PROVIDED RECORDS ::
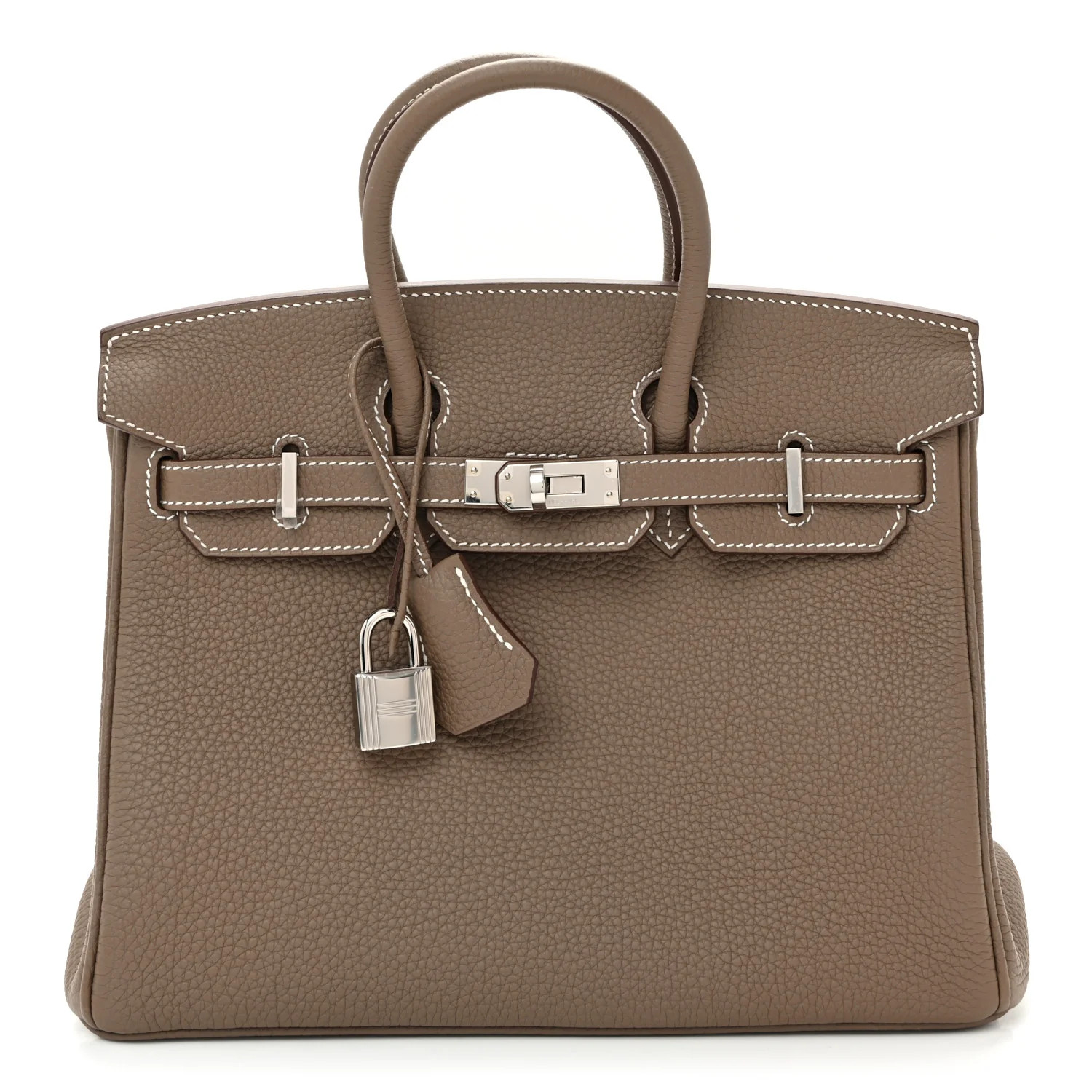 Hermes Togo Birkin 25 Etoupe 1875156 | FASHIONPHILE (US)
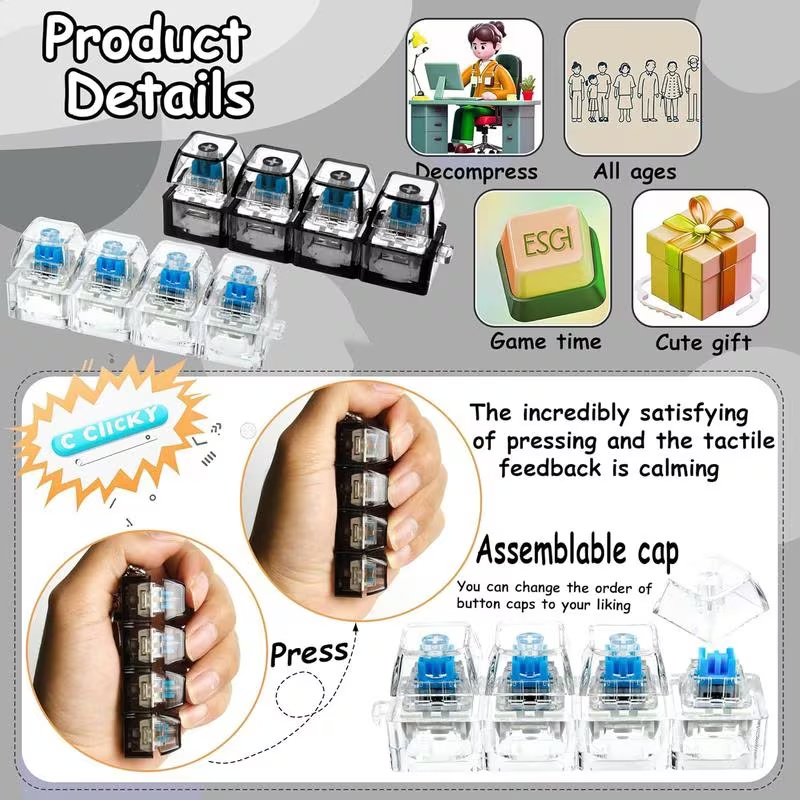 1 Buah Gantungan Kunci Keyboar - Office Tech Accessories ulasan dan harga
---
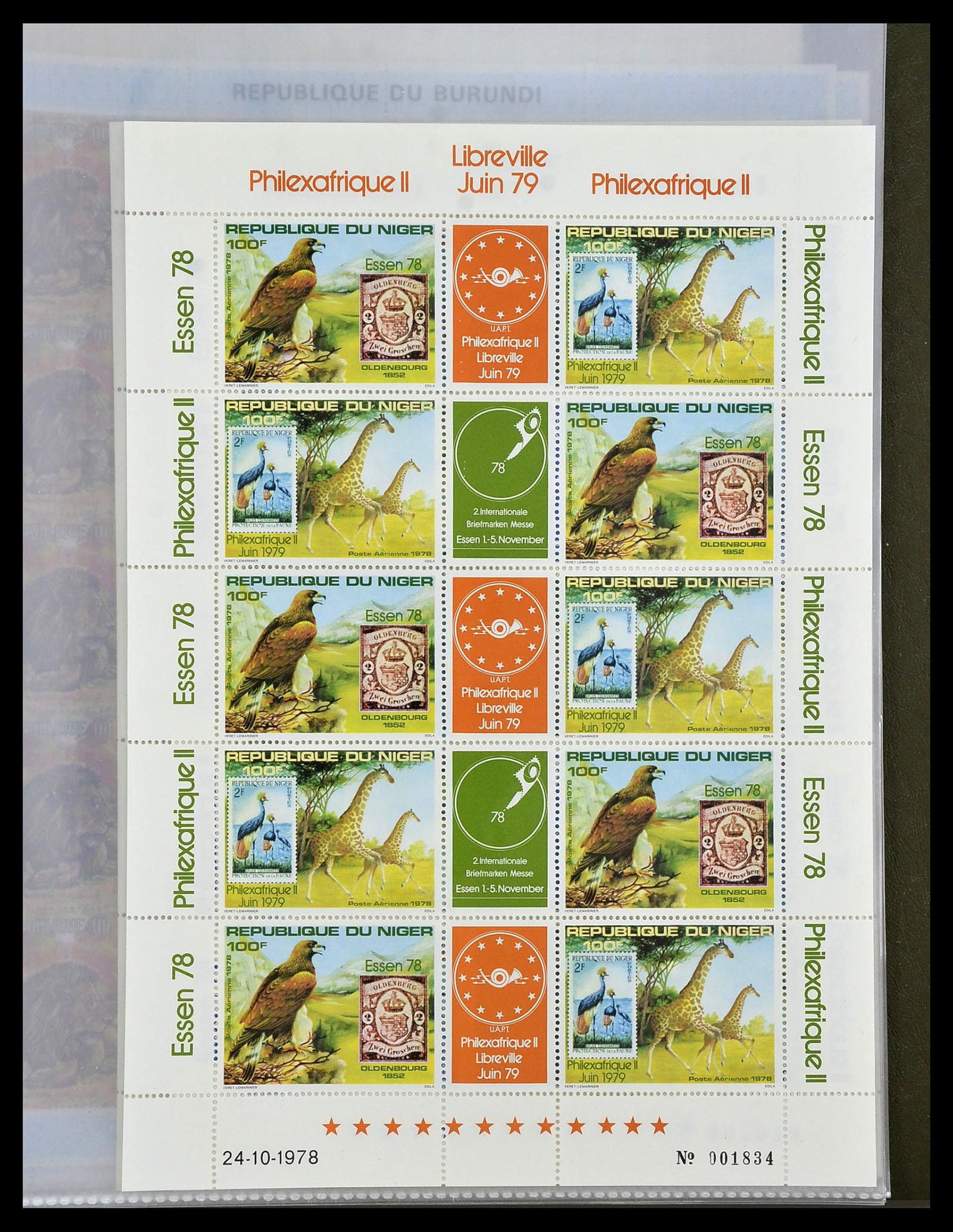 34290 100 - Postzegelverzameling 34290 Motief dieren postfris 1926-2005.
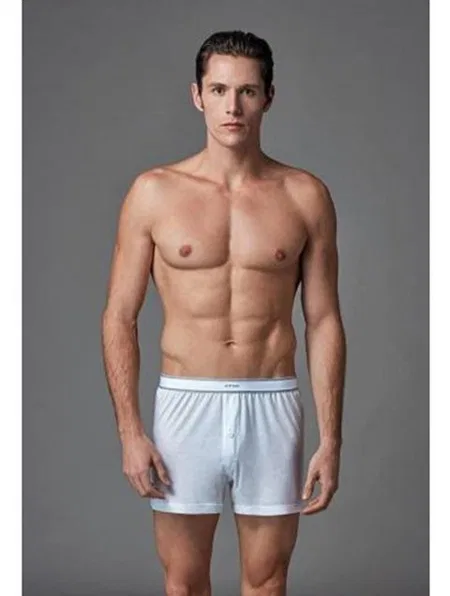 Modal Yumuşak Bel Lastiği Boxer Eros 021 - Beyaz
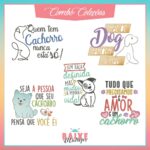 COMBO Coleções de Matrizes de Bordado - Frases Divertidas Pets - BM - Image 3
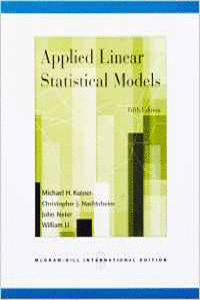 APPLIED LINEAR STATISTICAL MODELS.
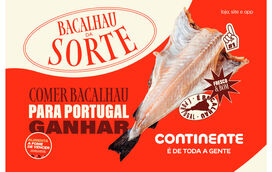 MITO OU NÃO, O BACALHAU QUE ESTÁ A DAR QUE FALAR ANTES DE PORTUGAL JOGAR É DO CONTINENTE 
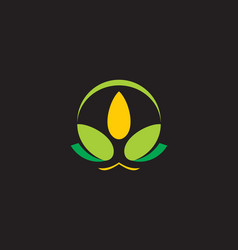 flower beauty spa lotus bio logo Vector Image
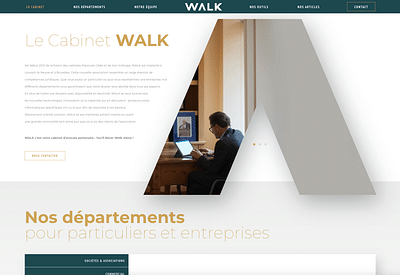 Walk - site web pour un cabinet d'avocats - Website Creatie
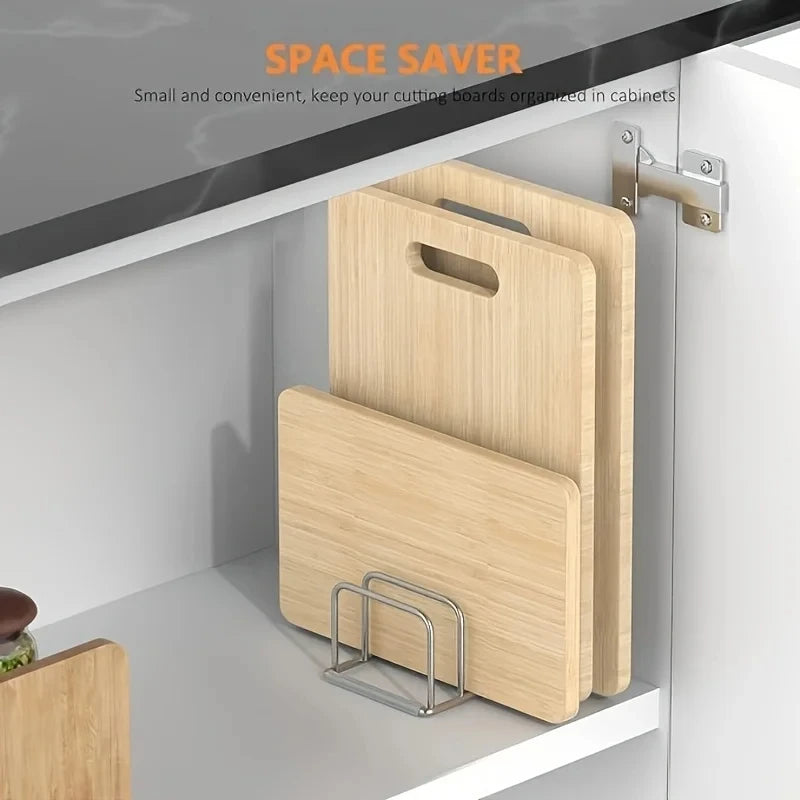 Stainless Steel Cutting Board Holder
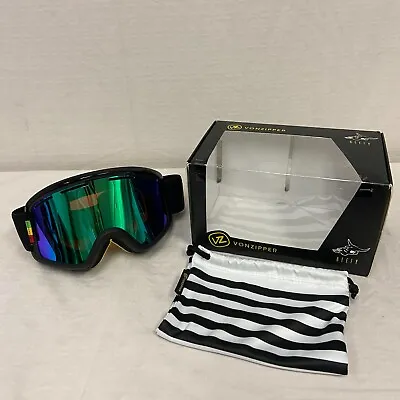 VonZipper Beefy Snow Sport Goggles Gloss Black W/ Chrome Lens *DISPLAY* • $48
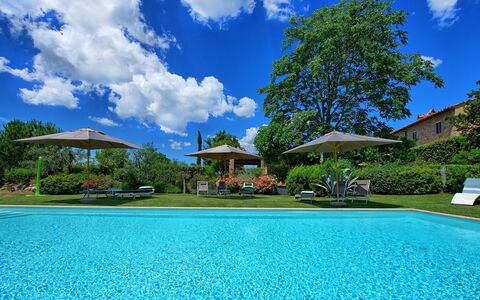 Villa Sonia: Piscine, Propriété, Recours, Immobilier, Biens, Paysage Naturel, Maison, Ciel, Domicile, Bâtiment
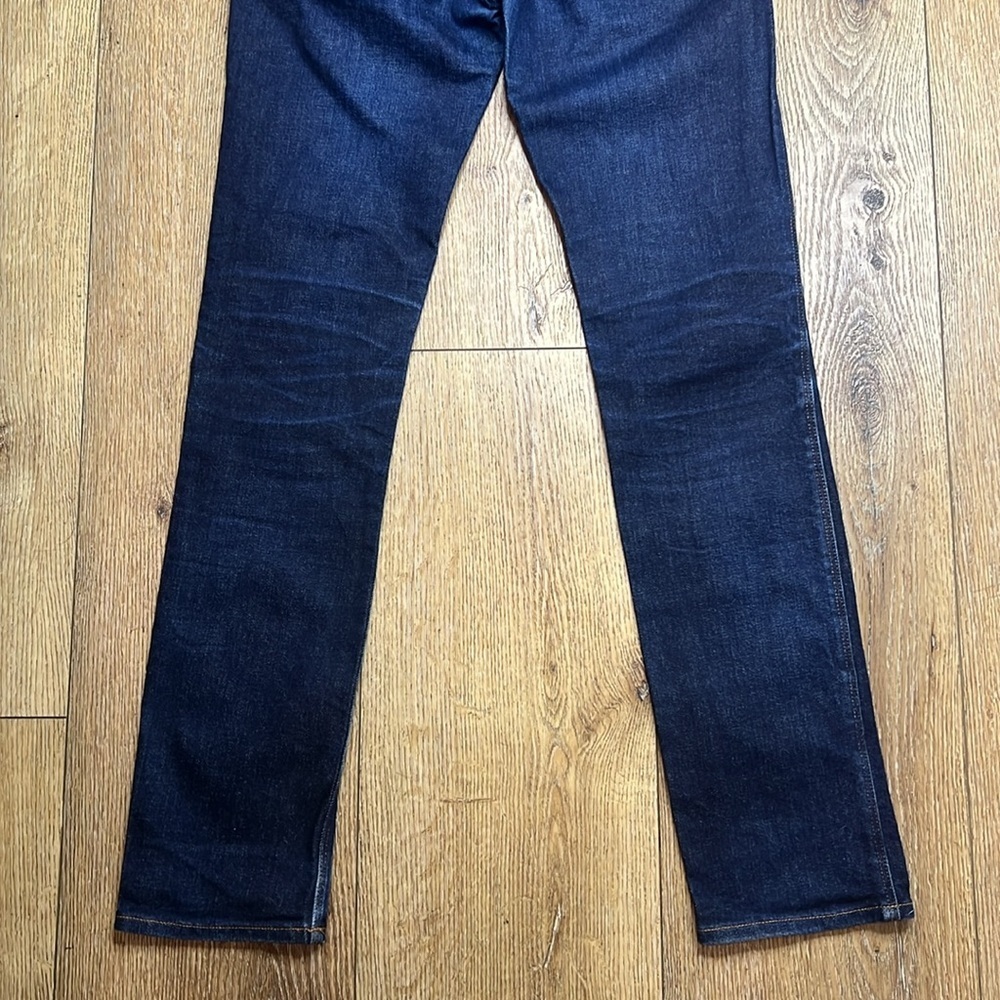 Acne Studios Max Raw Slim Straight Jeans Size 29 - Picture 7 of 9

ACTIVITY ::
Look above for the line with "Hermes Togo Birkin" and the line with "1 Buah Gantungan"; set down those two lines and all lines between them exactly, without pictures and without anything else.

ANSWER TO THE EXERCISE ::
 Hermes Togo Birkin 25 Etoupe 1875156 | FASHIONPHILE (US)
 1 Buah Gantungan Kunci Keyboar - Office Tech Accessories ulasan dan harga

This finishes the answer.